What Are We Teaching Our Kids In Lebanon?
Last week, my wife and I managed to get out of the country and spend a few days in Europe. We wanted to recharge our batteries and get away from the daily pressures we all face in the country. The whole trip was amazing and we managed to disconnect and enjoy the beautiful cities of Budapest and Vienna during winter time. Looking back at the trip and any other trip, you realize that so many memories are forever engraved in your mind.
Ironically, the most striking image that I can never get out of my head is not that of an enchanting castle or a majestic church. It’s rather the image of a family (mom, dad and child) at the metro station in Vienna standing at the ticket booth making sure that they insert the tickets before using the metro.
So What’s the big deal?
1- The rotating metallic barriers or blocking doors usually found at any metro station entrance in order to prevent people without tickets from entering, did not exist.

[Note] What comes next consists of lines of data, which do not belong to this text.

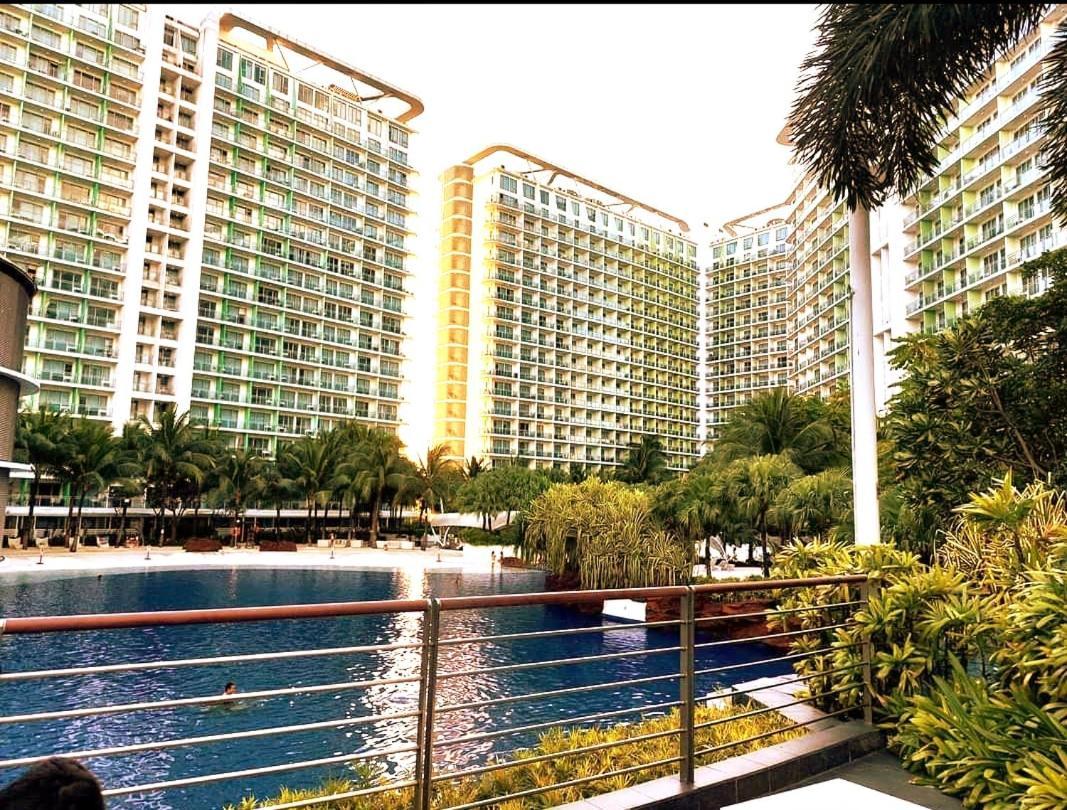 Condo At Sm Bicutan มะนิลา ภายนอก รูปภาพ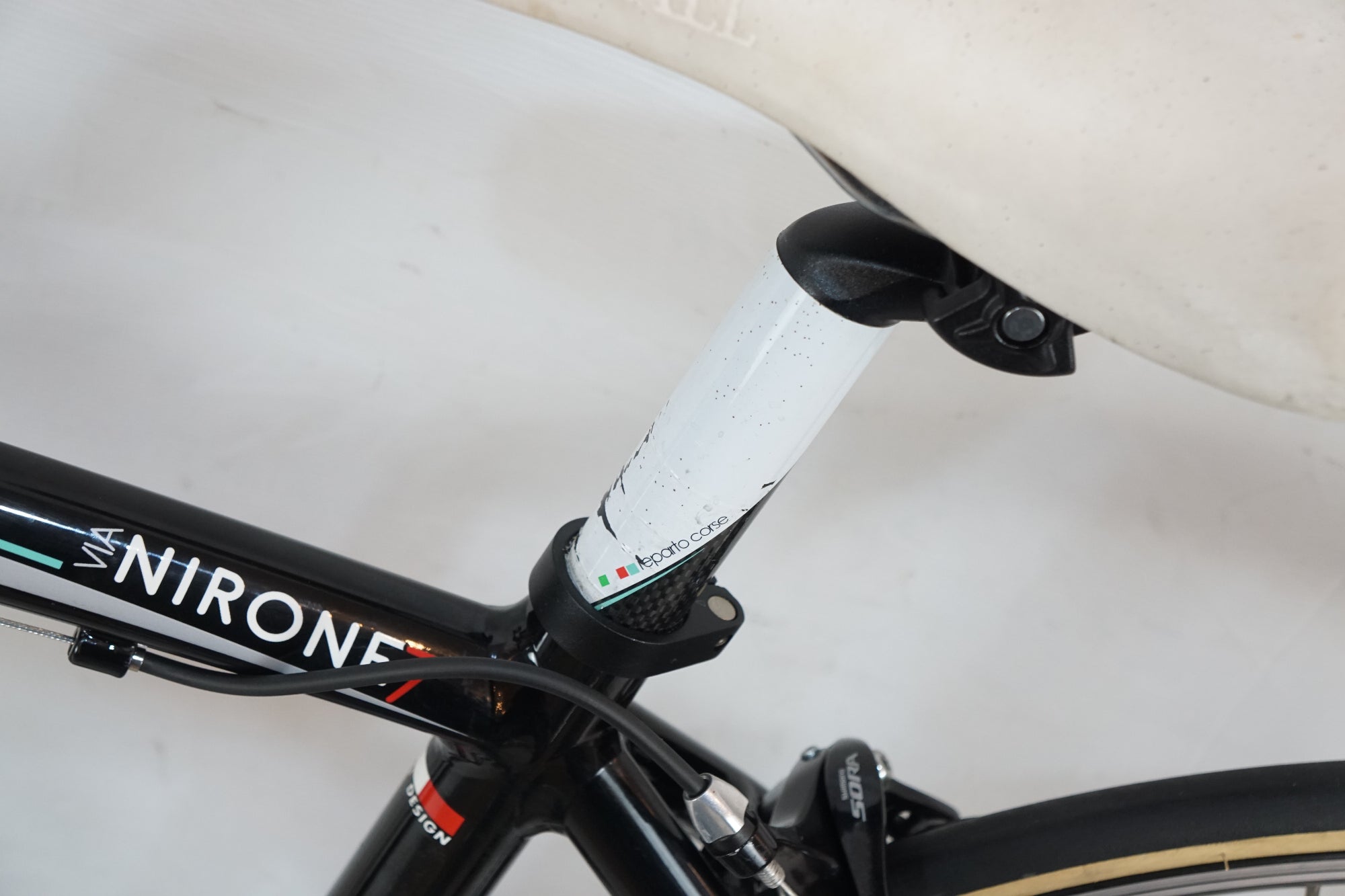 BIANCHI 「ビアンキ」 VIA NIRONE 7 ALU SORA 2013年モデル ロードバイク / バイチャリ浦和ベース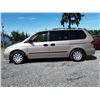 Image 8 : J2 --  2000 HONDA ODYSSEY LX  , Brown , 122334  KM's
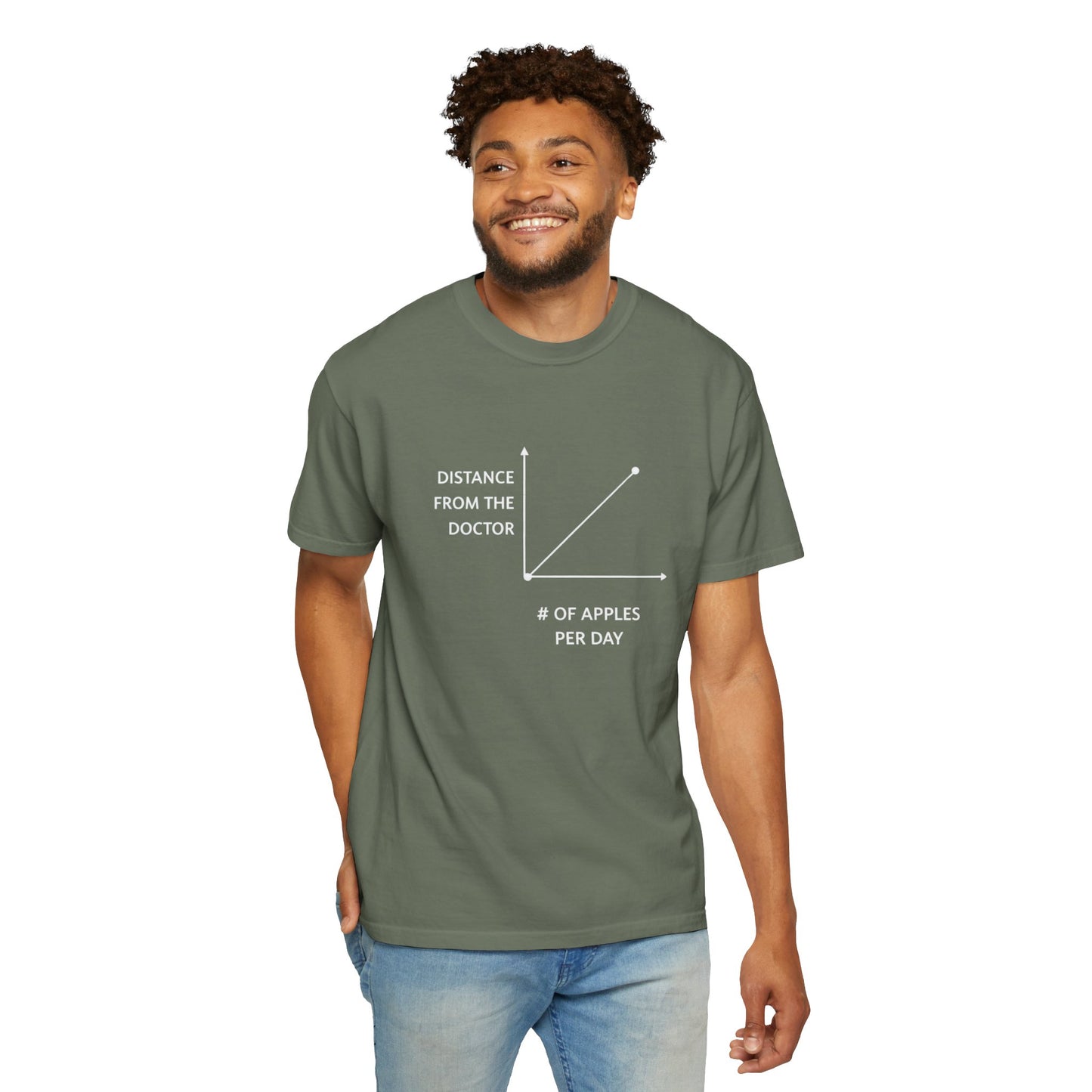 An Apple A Day T-Shirt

2- Security and police officers were not present at the gates in order to check the tickets and prevent people without purchased tickets from entering.
3- One can easily go in and out without a ticket. Nothing and nobody will stop them.
4- At the time, the station was somehow empty and almost nobody was around. These people were practically alone and yet they stopped in the middle of an empty hallway on a virtual border to insert their tickets before moving towards the metro area.
These two parents could have easily not stopped and kept going with their child. They could have used one of the many excuses we use everyday to justify our public wrongdoings (we’re late, we’re not the only ones, the train is here, who cares, everybody does it, etc). Instead, they are teaching their child not to steal or cheat his way through life, and are raising him to be a responsible citizen.
The question remains:
What are we teaching our kids in Lebanon? Are we able to raise them as true citizens with everything happening around us? How can we teach them to abide by the law when those in charge of enforcing it are corrupt? How can we ask them to do the right thing when you need a “wasta” for almost anything in this country?
I don’t have an answer for that but I know I will try my best to raise my kids to become good citizens and encourage them to make a difference in Lebanon and the world. Even though it’s hard in a country like ours, we all need to do an extra effort and teach our children honesty, responsibility, fairness, compassion and inspire them to make a change in their community. Raising our children to become good citizens in a failed state is difficult yet remains something we should be fully committed for their own sake and the country’s sake.